Over a five year period the company has returned 6.7% and 36.3% on a NAV and share price total return basis, respectively, ahead of the IPD Benchmark (1.7%) and the FTSE Real Estate Investment Trusts Index (- 25.9%).
However, the NAV total return for the year was -1.0%, with the underperformance relative to the IPD benchmark being attributed to the fact the portfolio is underweight in Central London offices where values have continued to increase due to significant overseas investment and the current perception that London is a safe haven.
The company also blamed the fact the portfolio is overweight in shopping centres compared to the benchmark and said rental and capital values have been the subject of downward pressure due to negative consumer and investor sentiment.

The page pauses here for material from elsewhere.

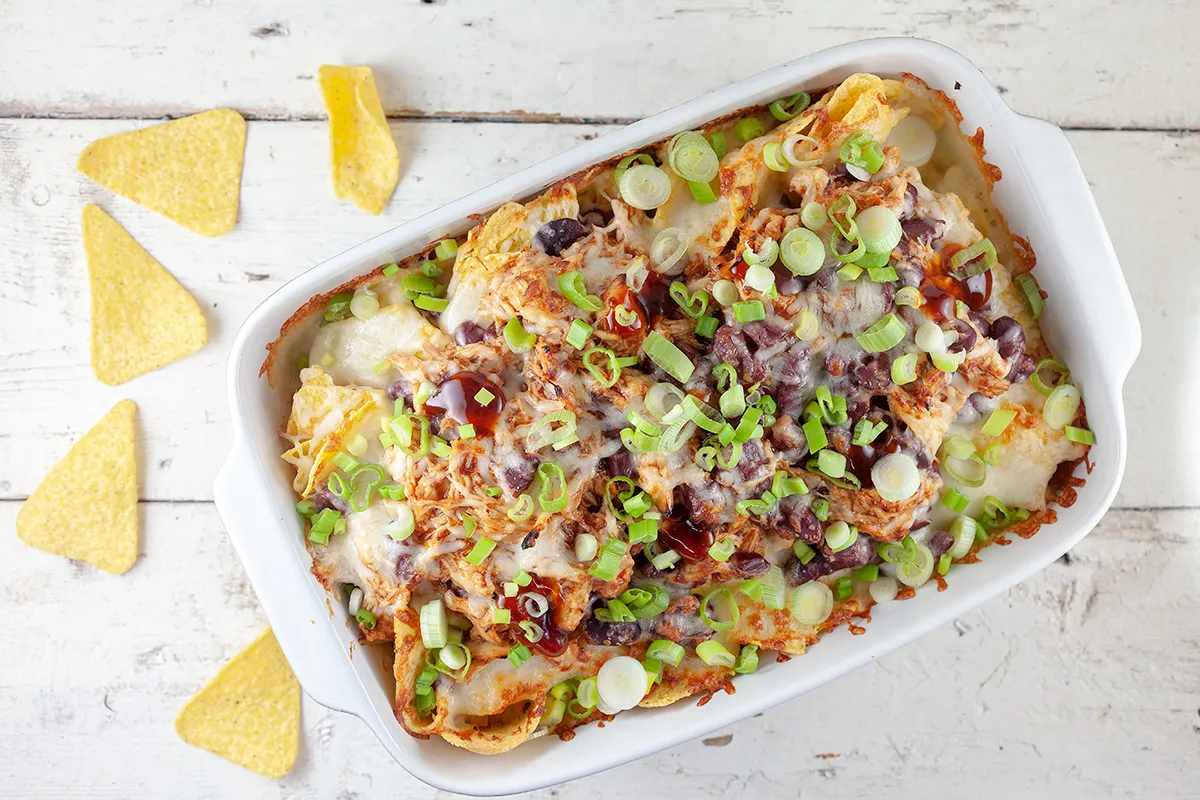 Pulled chicken nachos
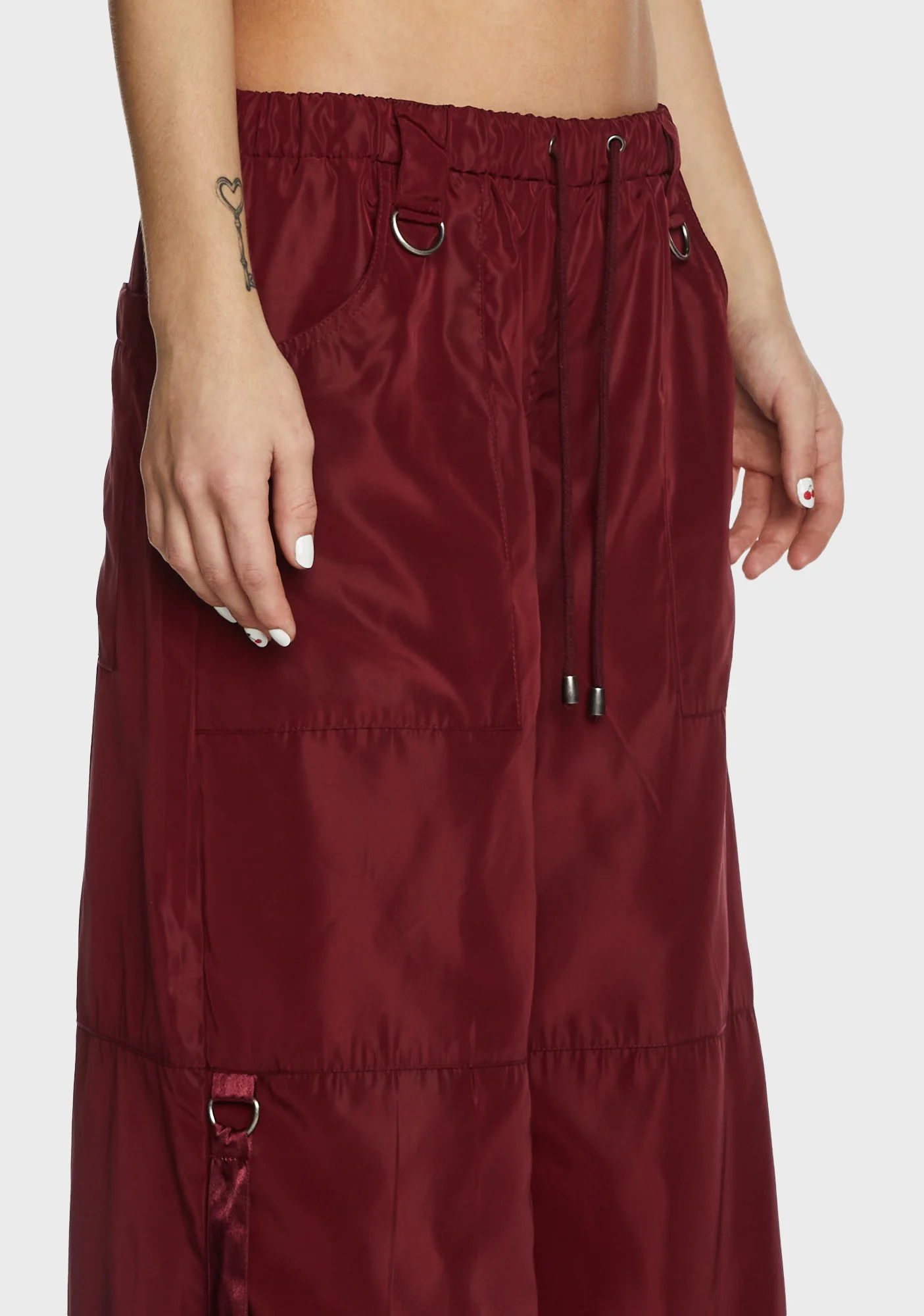 Punk Cred Wide Leg Pants - Maroon - Image 2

The group acknowledged that the commercial property market has been "affected by the travails of the wider UK economy", saying "the divergence of performance between prime and secondary properties, and between London and the rest of the UK, has continued; investors are showing little appetite for risk due to the ongoing economic uncertainty which has resulted in capital value falls over the past 12 months across most sectors".
Company Chairman Christopher Hill said: "The board believes that UKCPT is well placed to achieve its objectives by undertaking proactive asset management initiatives to preserve and improve income. The company has considerable cash resources which can be utilised for income enhancing acquisitions or asset management opportunities.
"The portfolio is of a prime nature and has a strong and well diversified tenant base which offers the potential for additional income generation. In a low interest rate environment, these factors should ensure that the company remains an attractive proposition for investors."
Looking ahead, the company expects property valuations to remain under pressure, particularly in the retail sector, with little capital growth expected outside Central London in the next twelve months. It said it believes that the key to positive performance will be the "successful implementation of asset management initiatives and preserving and growing income where possible", adding that it is well placed to achieve this.
It added: "The company has considerable cash resources which can be utilised for income enhancing acquisitions or asset management opportunities. In addition, the portfolio is of a prime nature and has a strong and well diversified tenant base which offers the potential for additional income generation.
"In a low interest rate environment, these factors should ensure that the company remains an attractive proposition for investors."
The share price rose 0.07% to 68.50p by 08:38.